▶ _Stored data_:
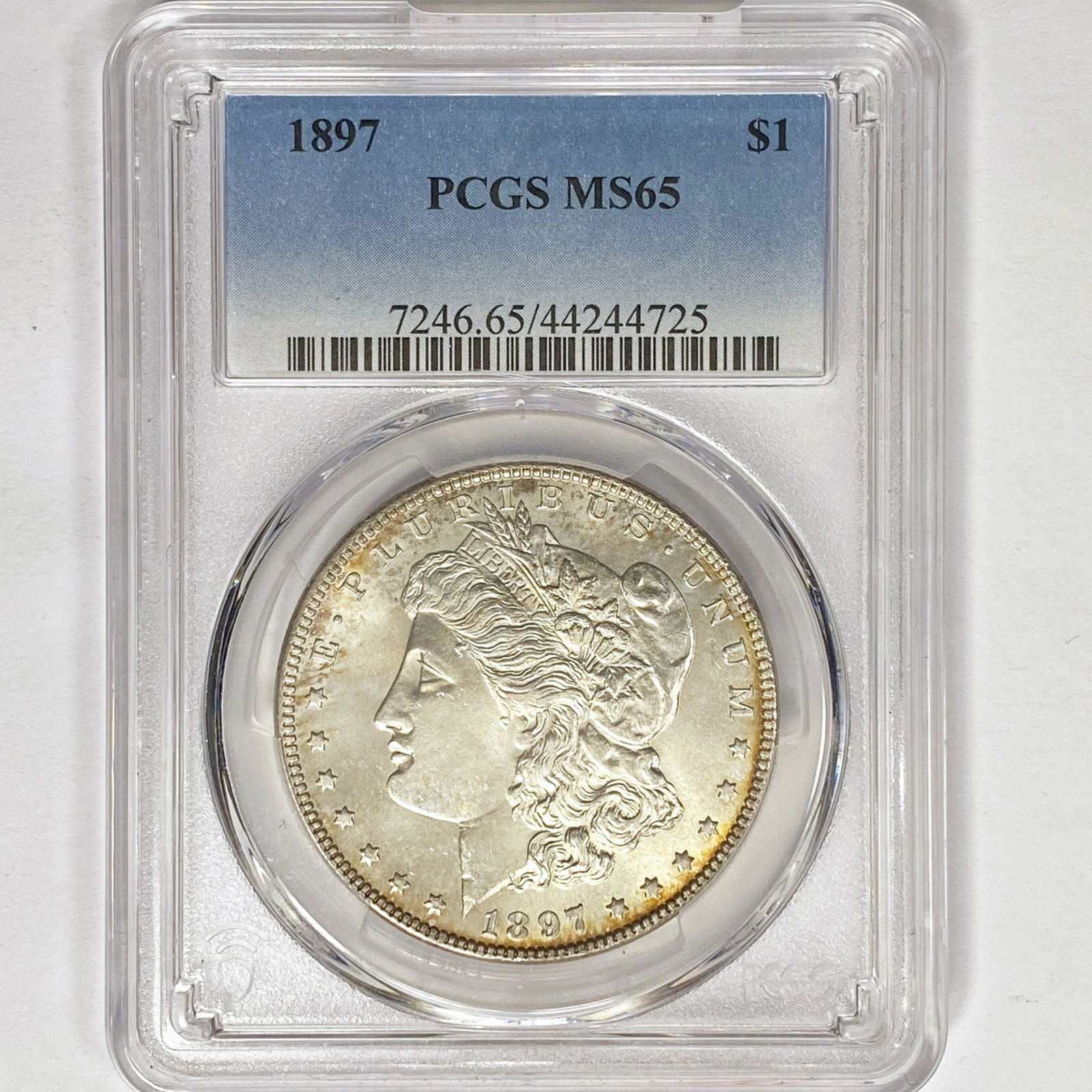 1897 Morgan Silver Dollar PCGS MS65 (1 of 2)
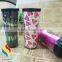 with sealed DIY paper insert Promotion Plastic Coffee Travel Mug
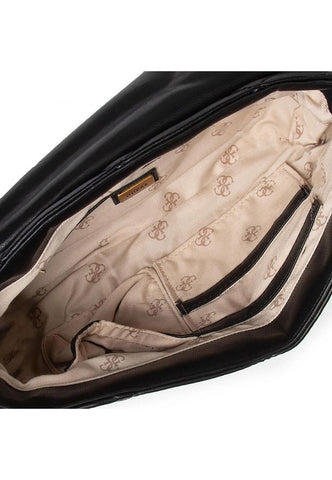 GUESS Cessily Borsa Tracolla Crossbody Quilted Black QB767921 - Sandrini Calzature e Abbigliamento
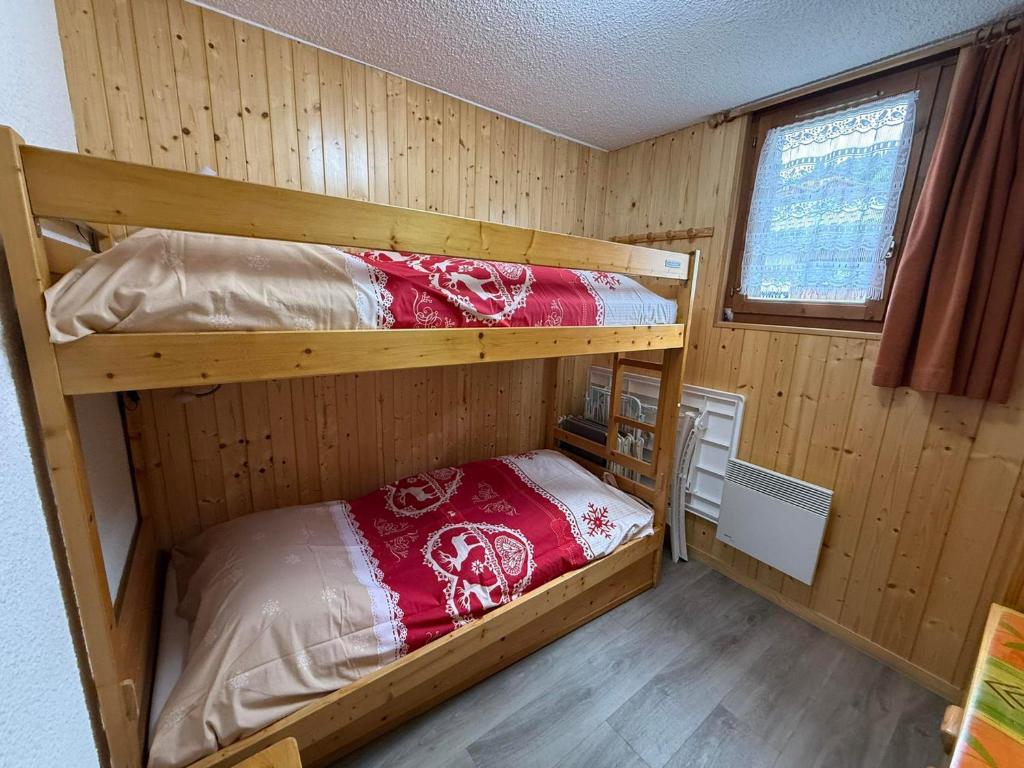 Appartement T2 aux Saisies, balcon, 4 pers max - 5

▶ _Exercise details_:
Would you set down the material exactly as it stands, without the pictures?

▶ _Solved problem_:
 1897 Morgan Silver Dollar PCGS MS65 (1 of 2)
 with sealed DIY paper insert Promotion Plastic Coffee Travel Mug
 GUESS Cessily Borsa Tracolla Crossbody Quilted Black QB767921 - Sandrini Calzature e Abbigliamento
 Appartement T2 aux Saisies, balcon, 4 pers max - 5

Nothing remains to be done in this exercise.